» **DATA FOR REVIEW**
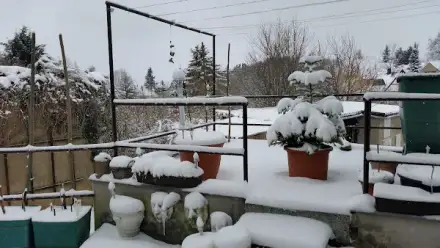 Foto von Sonnenstrom Muldental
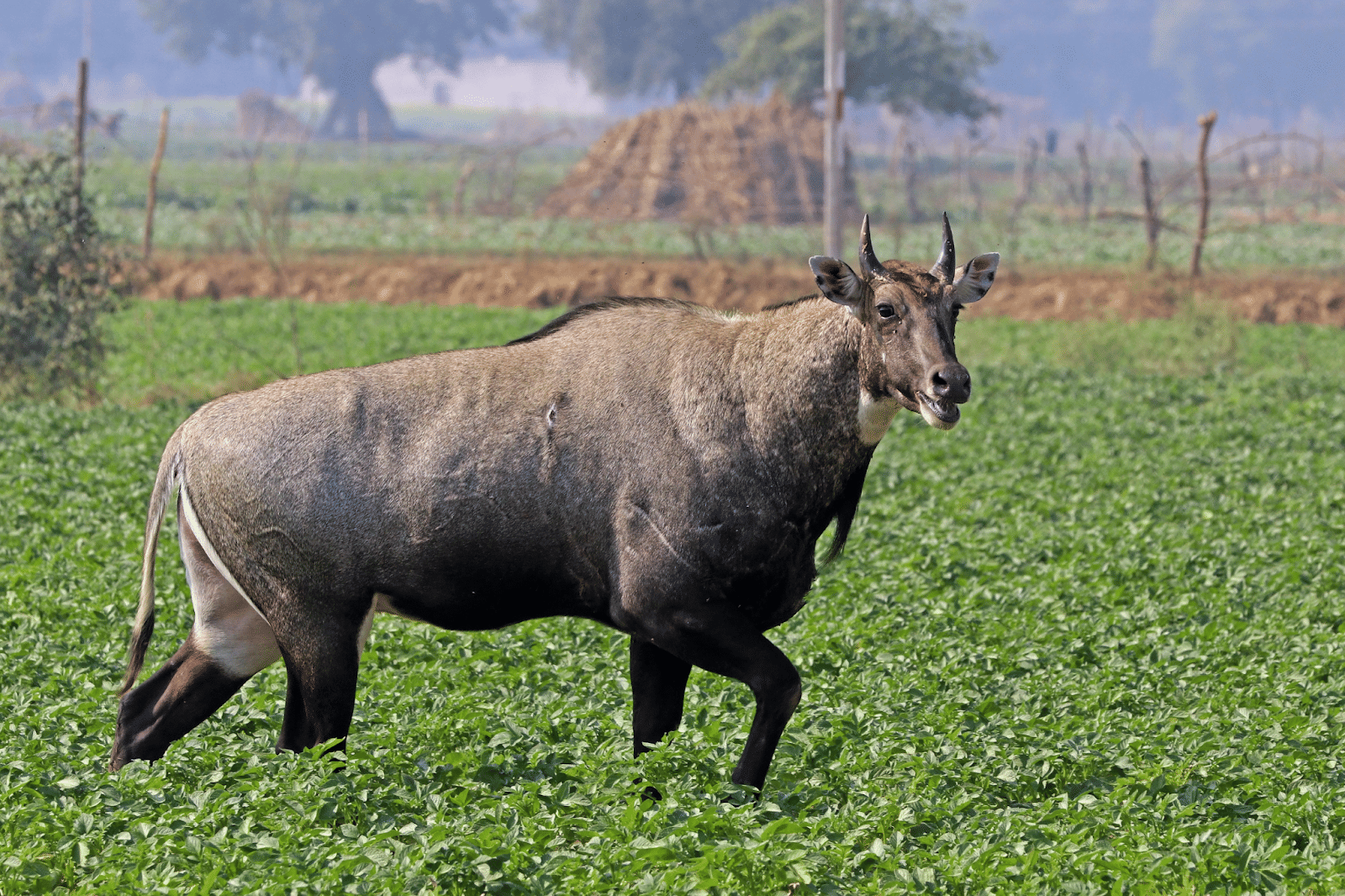 nilgai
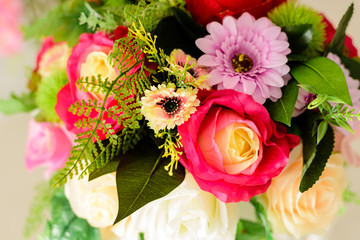 Colorful rose flower background. Valentine concept.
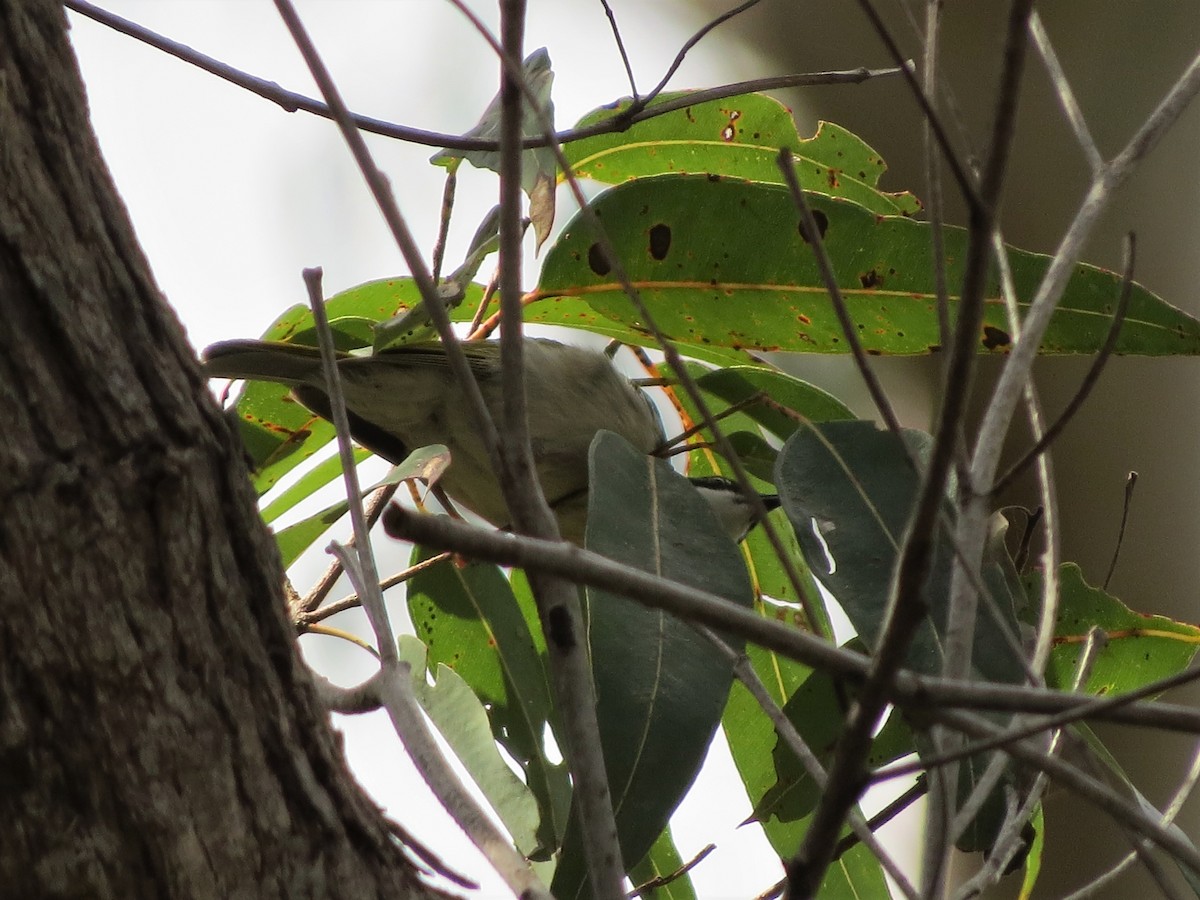 White-throated Honeyeater - ML482465811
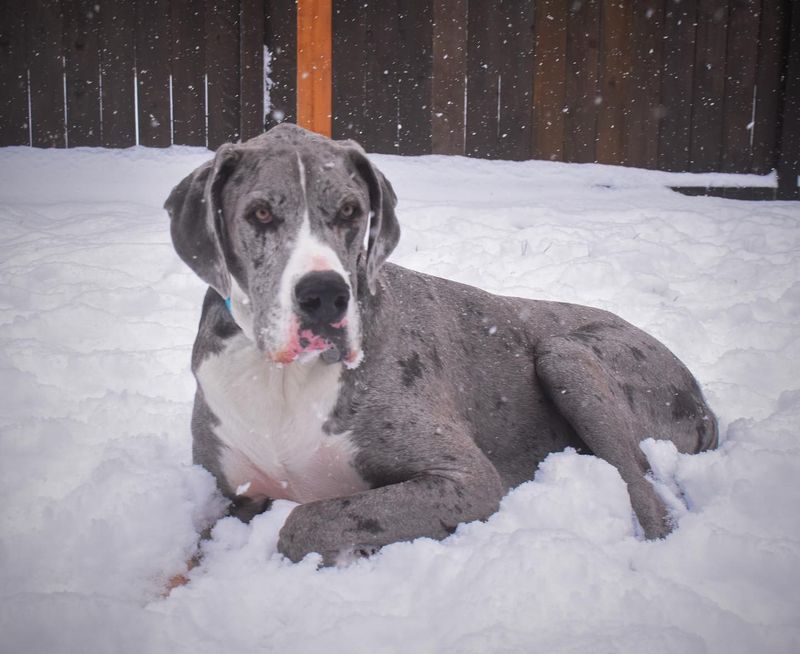 Great Dane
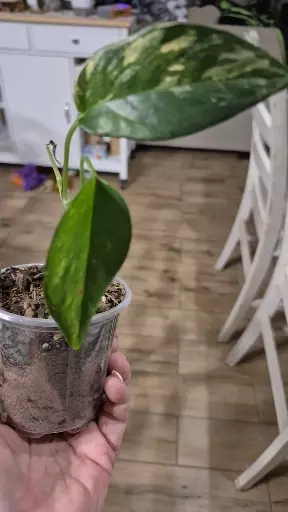 plant/8225 Epipremnum Pinnatum Albo-1-thumbnail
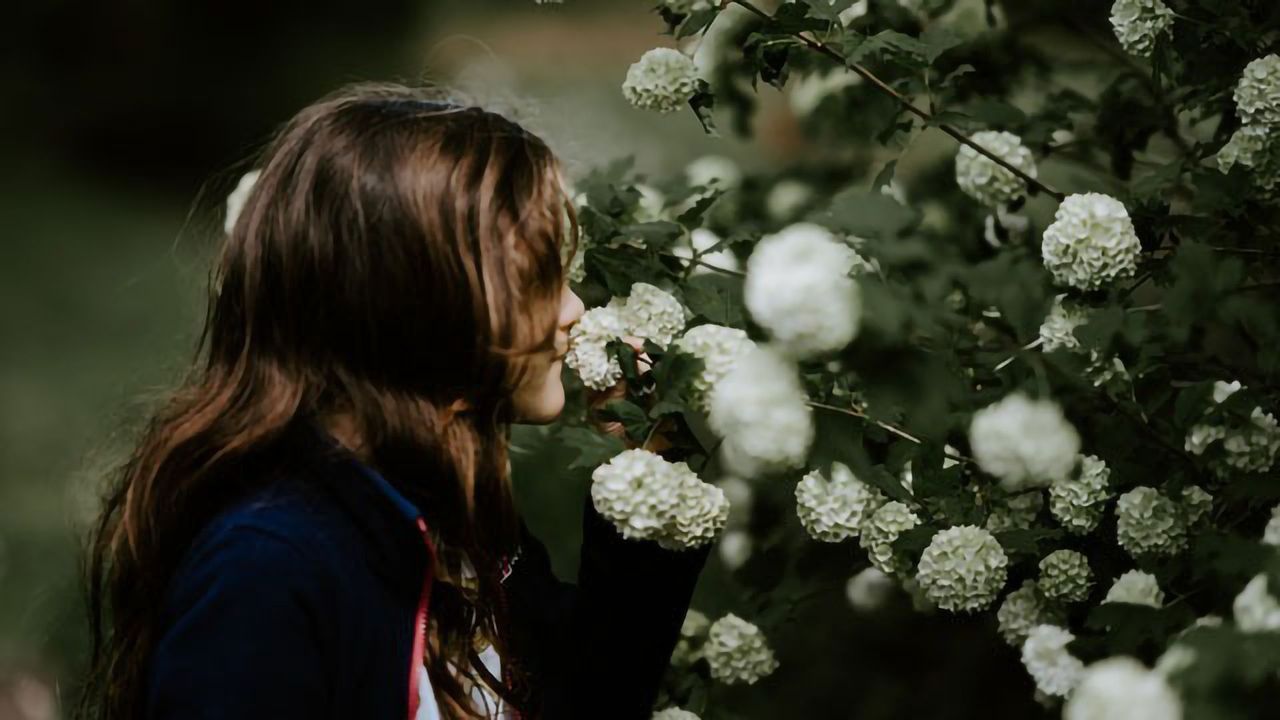 The Scents That Spark Our Memories
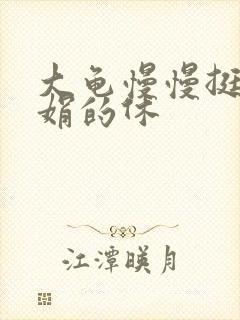 大龟慢慢挺进张娟的休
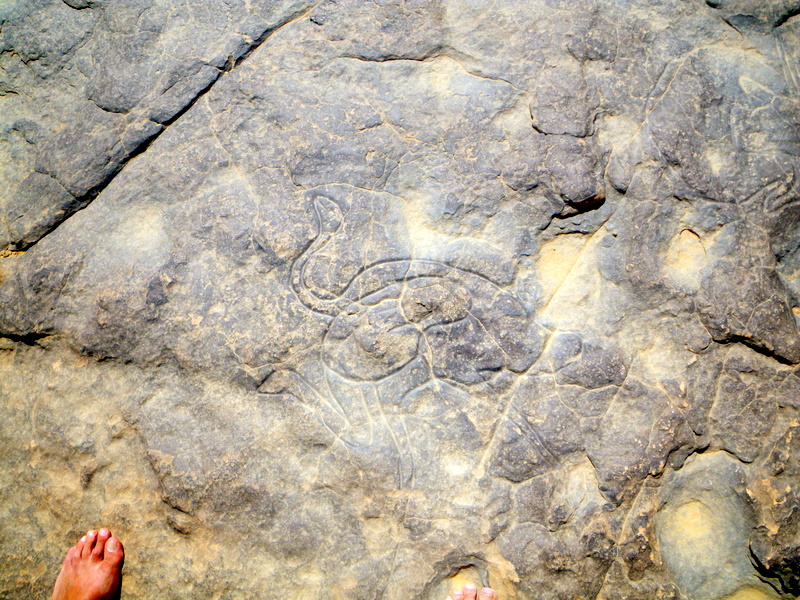 Gravure rupestre (Site de Tin Taghirt )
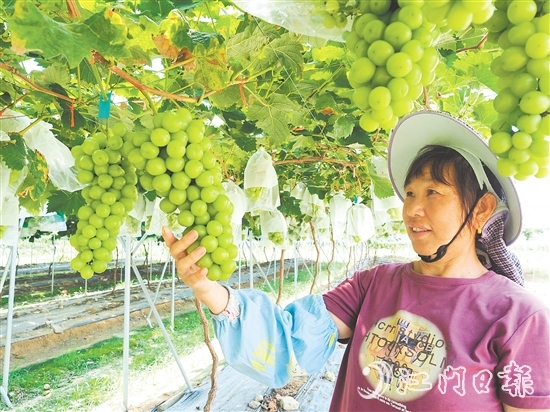 裕丰葡萄园管护人员查看葡萄长势。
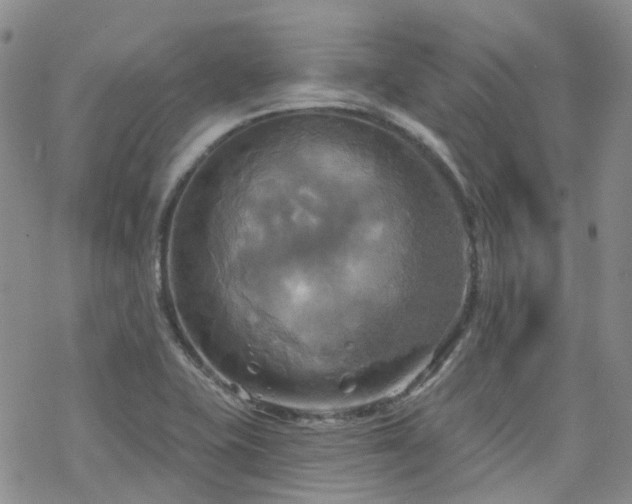 X0000070361415200606091020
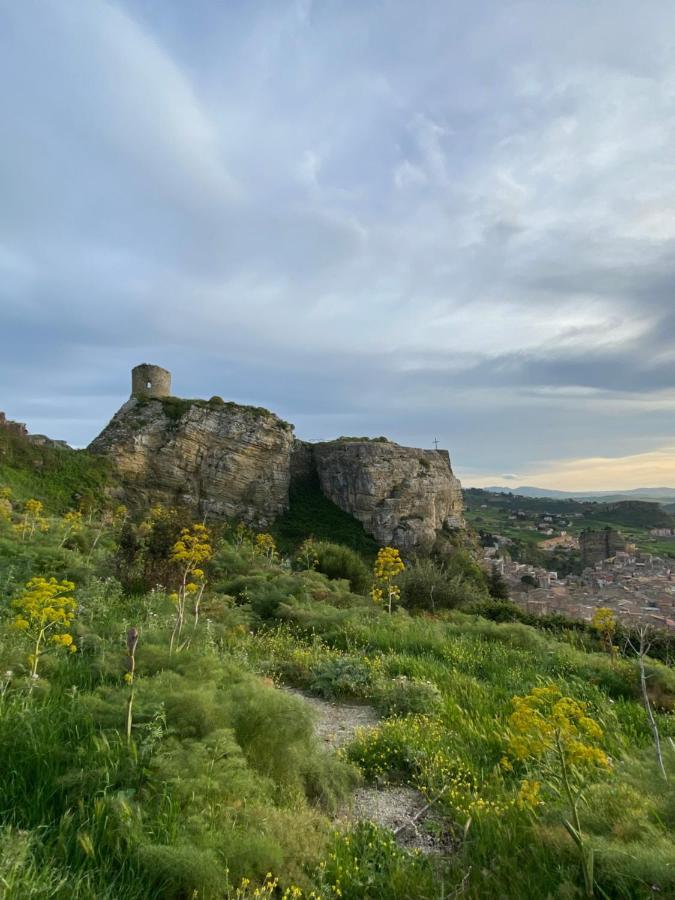 Apartamento La Ginestra Corleone Exterior foto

» **WHAT YOU HAVE TO DO**
Leaving the pictures out, output the material exactly as it appears.

» **ANSWER AREA**
 Foto von Sonnenstrom Muldental
 nilgai
 Colorful rose flower background. Valentine concept.
 White-throated Honeyeater - ML482465811
 Great Dane
 plant/8225 Epipremnum Pinnatum Albo-1-thumbnail
 The Scents That Spark Our Memories
 大龟慢慢挺进张娟的休
 Gravure rupestre (Site de Tin Taghirt )
 裕丰葡萄园管护人员查看葡萄长势。
 X0000070361415200606091020
 Apartamento La Ginestra Corleone Exterior foto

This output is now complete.